**EXERCISE DESCRIPTION**
After finding "KWPN Wallach 14" in the data, write out its line and all following lines without change, up to and including the last one. Leave out pictures.

=====

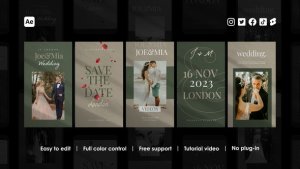 Videohive Wedding Instagram Reels 46547556 Product Promo template preview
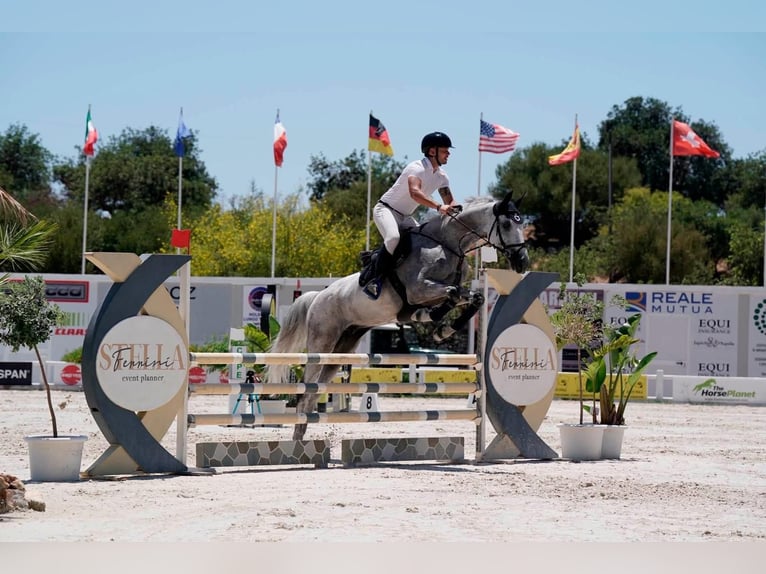 KWPN Wallach 14 Jahre 180 cm Schimmel in Solarino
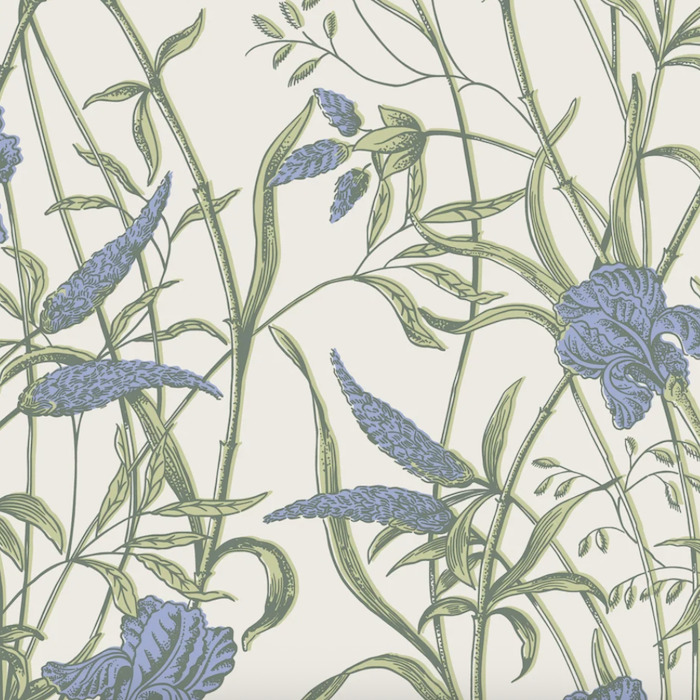 Cole and son wallpaper classics ii 25 product detail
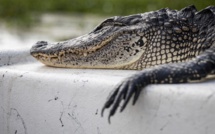 Deux hommes arrêtés en Floride après avoir fait boire de la bière à un alligator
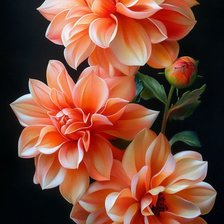 Cross stitch pattern: #2996534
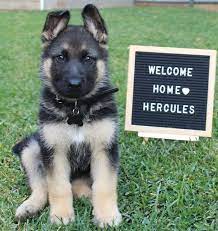 According to the fci, the breed's english language name is german shepherd dog. The Best And Most Complete Guide To German Shepherd Names K9 Web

=====

**SOLUTION FOR THIS EXERCISE**
 KWPN Wallach 14 Jahre 180 cm Schimmel in Solarino
 Cole and son wallpaper classics ii 25 product detail
 Deux hommes arrêtés en Floride après avoir fait boire de la bière à un alligator
 Cross stitch pattern: #2996534
 According to the fci, the breed's english language name is german shepherd dog. The Best And Most Complete Guide To German Shepherd Names K9 Web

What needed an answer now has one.